Memoria de la buena
Ignoro si por escribir estas líneas me ganaré una sanción administrativa en aplicación de la Ley de Memoria Democrática. Vaya por delante que discrepo, en la forma y en el fondo, de esa norma. Para empezar, no existe una memoria colectiva porque la memoria -esa gran mentirosa- es individual por naturaleza. Tampoco un Gobierno, a menos que lo anime una vocación totalitaria, puede fijar una sola verdad para interpretar el pasado, bajo la amenaza de perseguir a los disidentes de la versión oficial. Es lo que sucede ahora como parte de un plan perfectamente diseñado en tres vértices: se controla el pasado fijando los límites para su estudio; se controla el presente a través de los medios de comunicación y se controla el futuro interviniendo la educación.
La historia es materia controvertida y por tanto sujeta a distintas interpretaciones.
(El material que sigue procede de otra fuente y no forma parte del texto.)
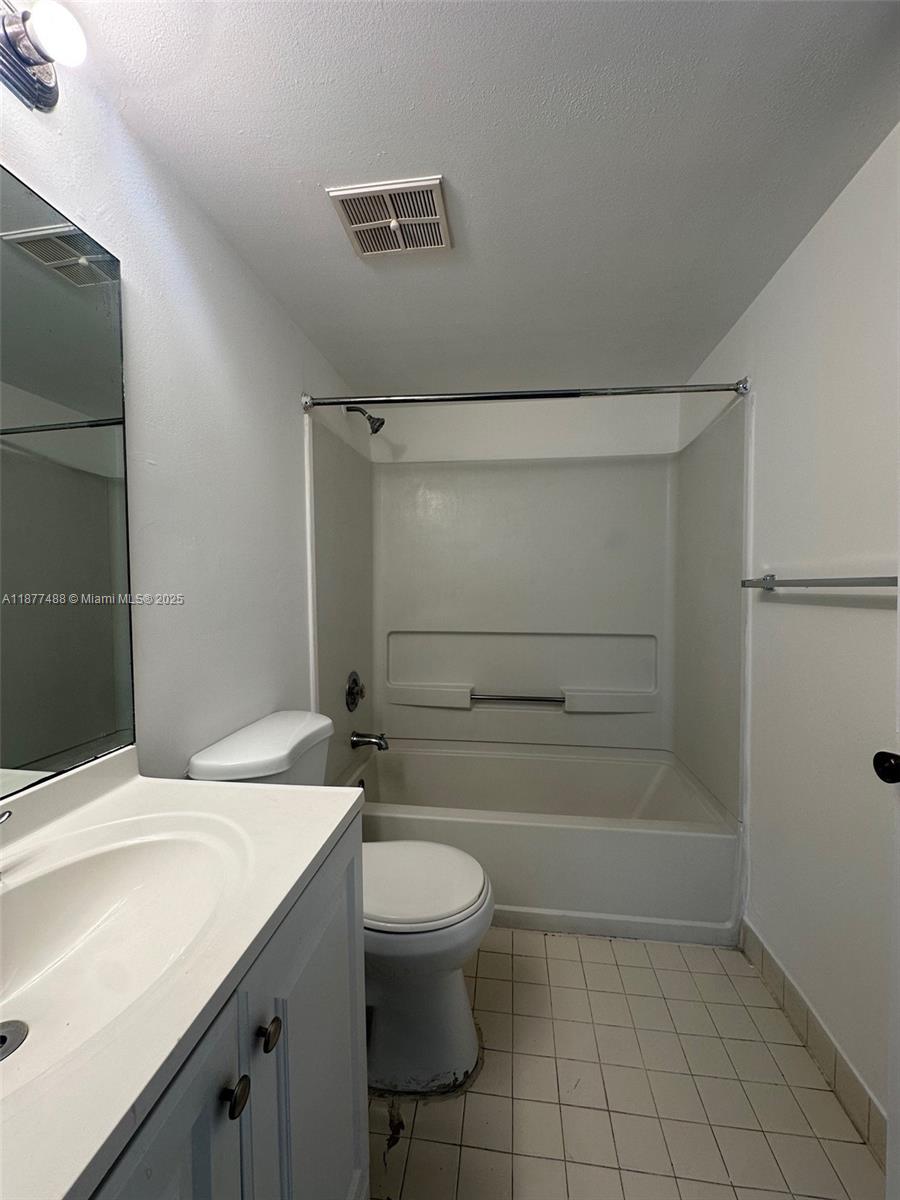 7125 Northwest 186th Street, Unit B208 Hialeah, FL 33015 - Photo 5 of 10 a bathroom with a granite countertop sink toilet a mirror and shower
Es tarea de los historiadores, no de los políticos. Un historiador que se precie es un investigador. Pasará muchas horas en archivos consultando documentos. A un historiador lo que le deben importar son los hechos, hechos, hechos, como decía Thomas Gradgrind, el personaje de Charles Dickens en Tiempos difíciles. Un historiador no es un contador de fábulas, ni un moralista que construye historias con buenos y malos, con agresores y víctimas. La historia está hecha de matices y grises, como esa vida de la que pretende ser maestra.
Fuego cruzado. La primavera de 1936 (Galaxia Gutenberg) salió a la venta en marzo de este año. Va por la segunda o tercera edición. Sus autores son los historiadores Fernando del Rey y Manuel Álvarez Tardío. El libro es, en gran parte, continuación de Fraude y violencia en las elecciones del Frente Popular, escrito por Álvarez Tardío en colaboración con Roberto Vila.
Los autores de Fuego cruzado analizan la violencia política en el periodo comprendido entre las elecciones del 16 de febrero y el 17 de julio, día en que el Ejército de África, bajo el mando del general Franco, se levantó contra las instituciones republicanas. El ensayo es un colosal trabajo de investigación sobre esos cinco meses en que el régimen entró en barrena por la incapacidad de los gobiernos de Azaña y Casares Quiroga de garantizar el orden público en el país.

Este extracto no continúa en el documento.